P2468R1R1
The Equality Operator You Are Looking For

Published Proposal,

This version:
http://wg21.link/p2468r1
Authors:
Audience:
CWG
Project:
ISO/IEC JTC1/SC22/WG21 14882: Programming Language — C++

Abstract

This paper details some changes to make rewriting equality in expressions less of a breaking change

1. Rewritten equality/inequality in expressions

1.1. Compiler disagreements

struct S {
     bool operator==(const S&) { return true; } // The non-const member is important here.
     bool operator!=(const S&) { return false; } // The non-const member is important here.
   };
   bool b = S{} != S{};
   

GCC accepts this (despite overload resolution being ambiguous under C++20).

Clang accepts with a warning indicating the rewrite resulting in ambiguous overload resolution.

<source>:5:14: warning: ISO C++20 considers use of overloaded operator '!=' (with operand types 'S' and 'S') to be ambiguous despite there being a unique best viable function with non-reversed arguments [-Wambiguous-reversed-operator]
   bool b = S{} != S{};
   

MSVC accepts this by eagerly dropping rewritten candidates.

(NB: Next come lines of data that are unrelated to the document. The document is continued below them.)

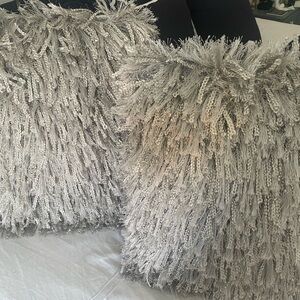 Two silver fluffy Accent pillows 18x18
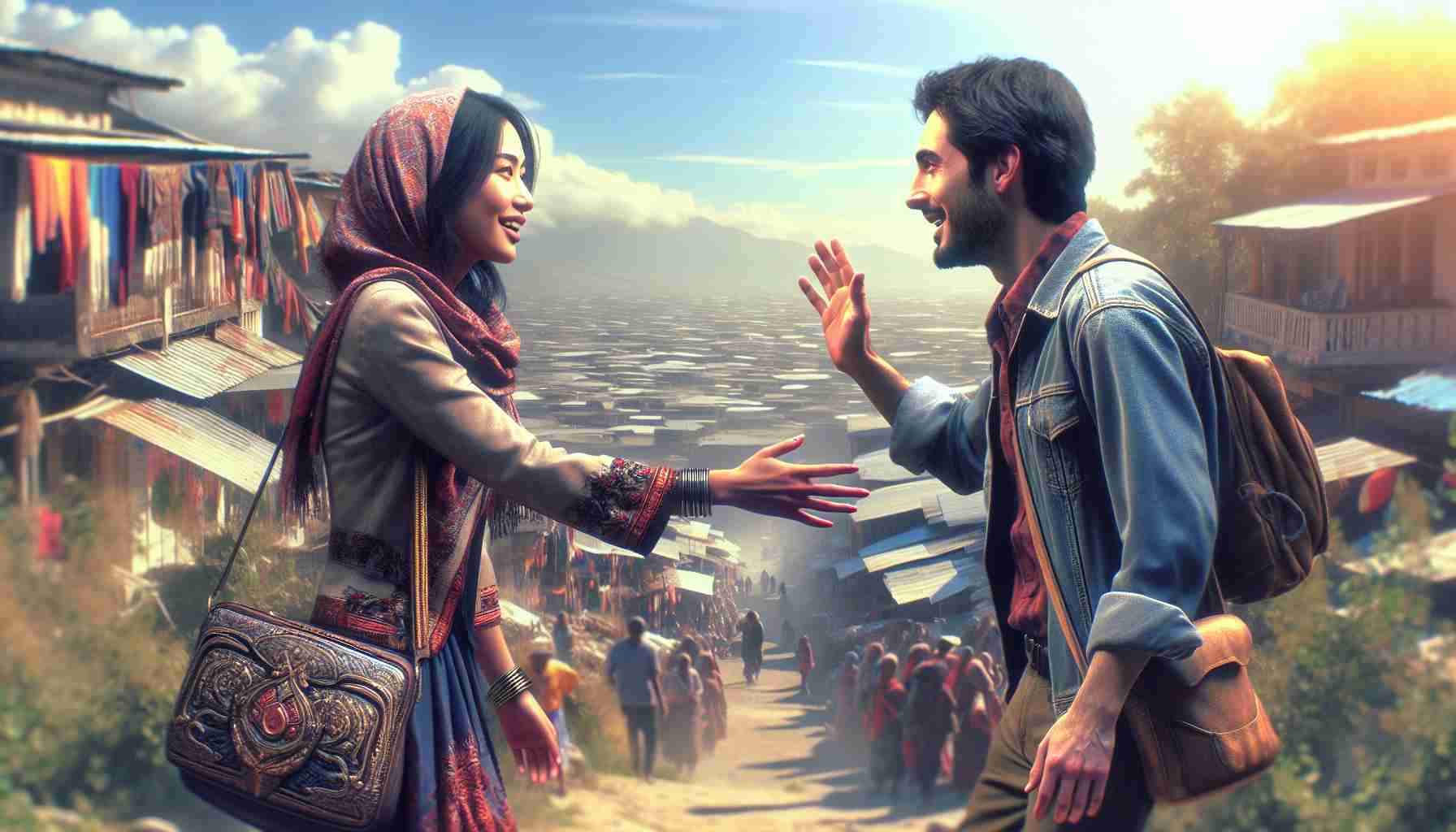 Generate a high-definition, realistic image portraying an unusual encounter leading to an unexpected reunion. This scene might include two individuals of differing descent, one being South Asian female and one being Hispanic male. These folks, having not seen each other for quite some time, randomly run into each other in an unlikely location such as amidst a bustling market or atop a secluded mountain peak. As they recognize each other, expressions of surprise transition into joyous smiles, acknowledging the serendipitous reunion.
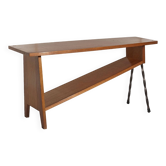 Table basse vintage bois et métal vers 1960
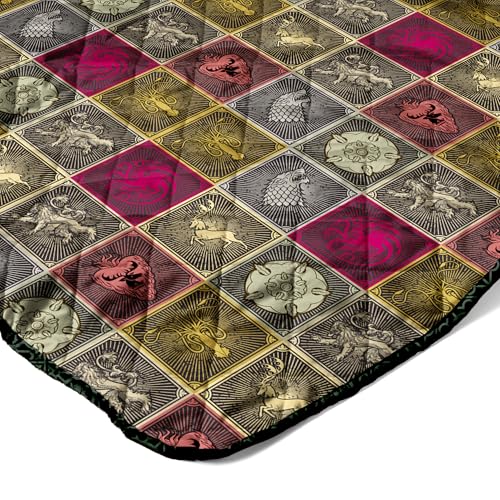 Image of Northwest Warner Bros Game of Thrones Symbolic Sigils Quilted Throw Blanket, Fantasy House Emblems, Adults Boys Girls, Soft Lightweight Bedding for Bed, or Couch, 60 x 80 inches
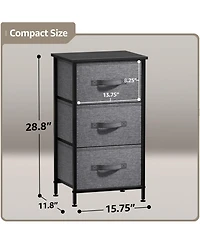 Sorbus Nightstand with 3 Drawers - Steel Frame, Wood Top & Easy Pull Fabric Bins Perfect for Home, Bedroom, Office College Dorm
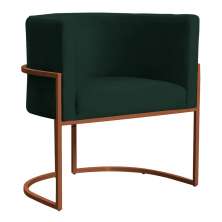 Poltrona Decorativa Luana Base Bronze Veludo Verde - Montanaris Decor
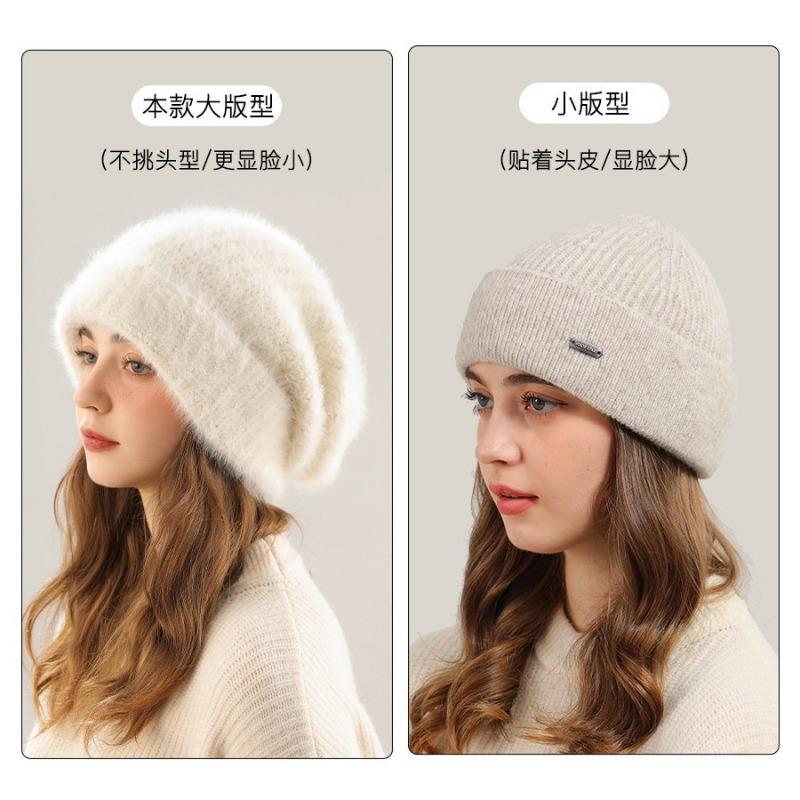 Gestrickte Mütze Damen Herbst und Winter Kaninchenfellmütze weiß warm verdickt großer Kopfumfang gesichtsschmeichelnd klein Plüsch Ohrenschutz Wollmütze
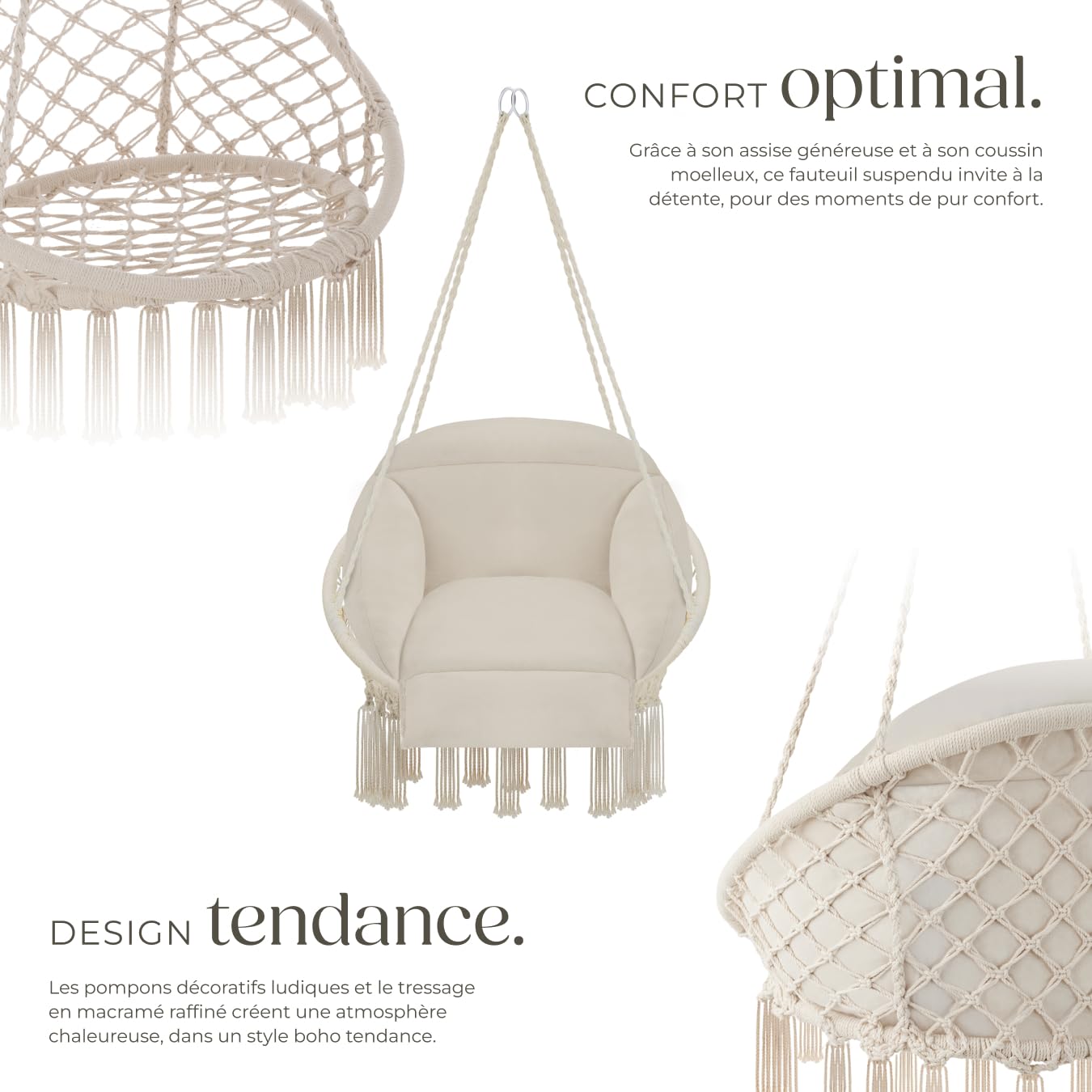 tectake® Fauteuil Suspendu Relax style boho Ø80cm, Design Intérieur & extérieur Fauteuil Relax max. 160kg Fauteuil de Lecture Cocooning 1 Place, pompons, Coussin Chaise XXL Moelleux épaisseur 10-12 cm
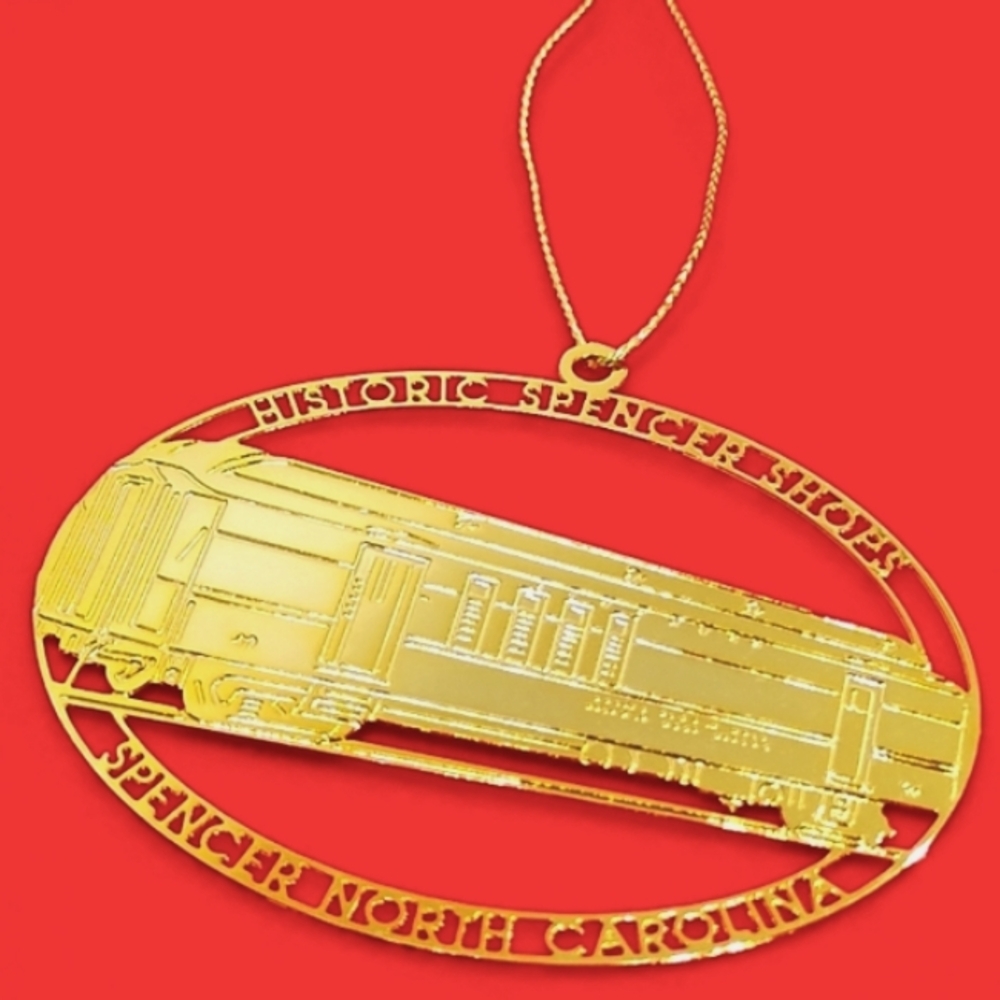 Vintage Christmas Ornament Spencer, NC Train Museum Solid Brass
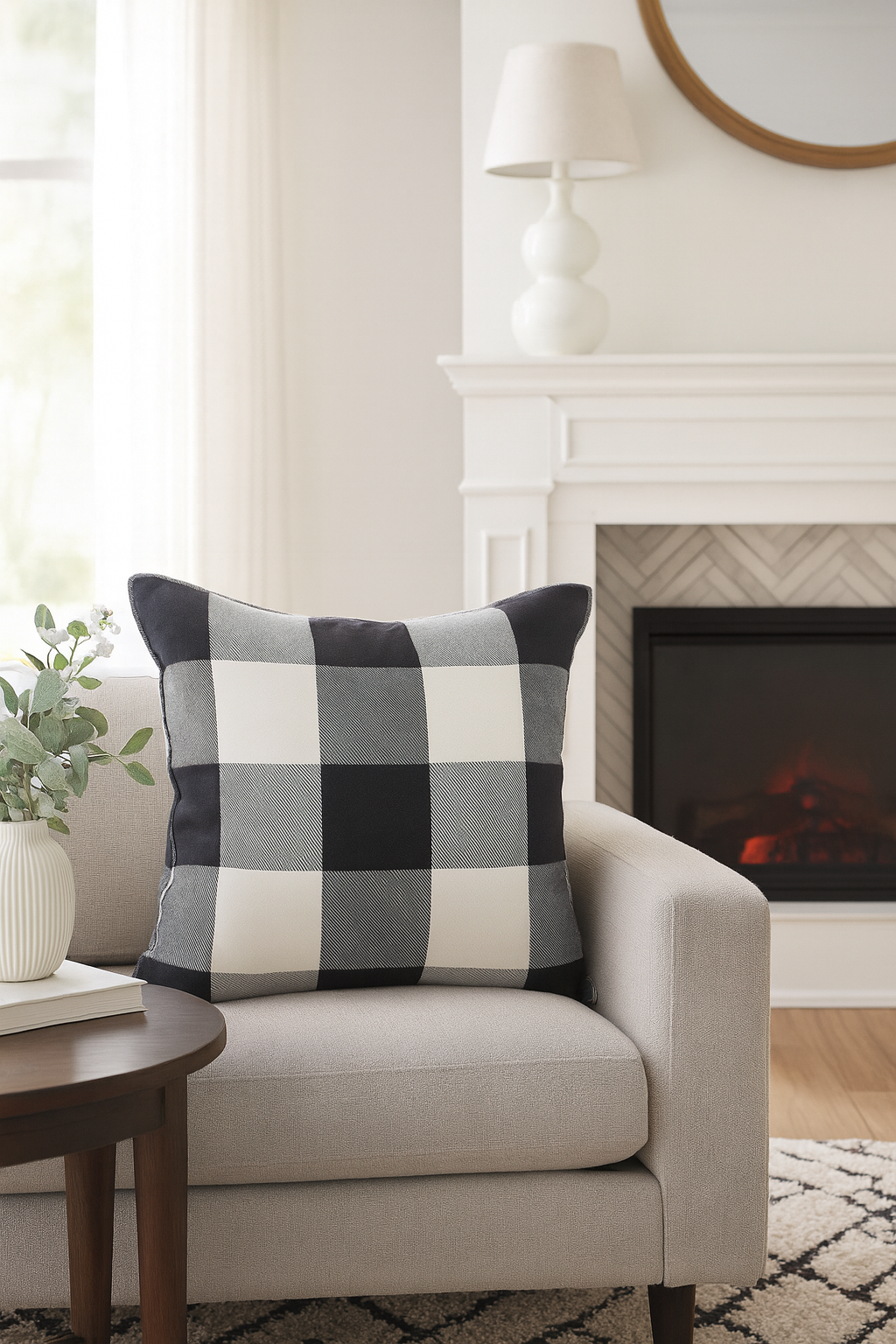 9025P - Black & White Buffalo Plaid Cotton 20" Throw Pillow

The reason this sample should result in an ambiguity and does not get to the intended tiebreaker step [over.match.general]/2.8 is because ambiguity is actually the result of finding best conversions. During the best conversions step we discover that the candidate operator!=(const S&) and rewritten candidate operator==(const S&) are equally as good as each other. To the compiler, it is as if the user had written:

struct S {
     friend bool f(S, const S&) { ... }
     friend bool f(const S&, S) { ... }
   };
   bool b = f(S{}, S{});
   

Which is a clear ambiguity during the comparison of best conversions.

1.2. Existing code impact

It is clear to the author(s) of this paper, since the compiler vendors feel the need to bypass the overload resolution rules defined in the standard that there must be some valid code patterns for which the new overload resolution rules unintentionally break.

Using MSVC we implemented the strict rules defined by [over.match.general] and ran the compiler against a series of open source projects to gather data on how impactful the strict application of the new overload resolution rules can be.

1.2.1. Open source sampling

The results of applying the strict rules are as follows:

Total Projects Failed Projects
59 20

Many of the failures are caused by the first code sample mentioned. Other failures include:

template <typename T>
   struct Base {
     bool operator==(const T&) const;
     bool operator!=(const T&) const;
   };
   
   struct Derived : Base<Derived> { };
   
   bool b = Derived{} == Derived{};
   

In this case the user intended to use some common base class to implement all of the comparison operators. Because the new operator rewriting rules will also add the synthesized candidate to the overload set the result becomes ambiguous when trying to compare best conversions. Both the regular candidate and the synthesized candidate contain a derived-to-base conversion which makes one not strictly better than the other.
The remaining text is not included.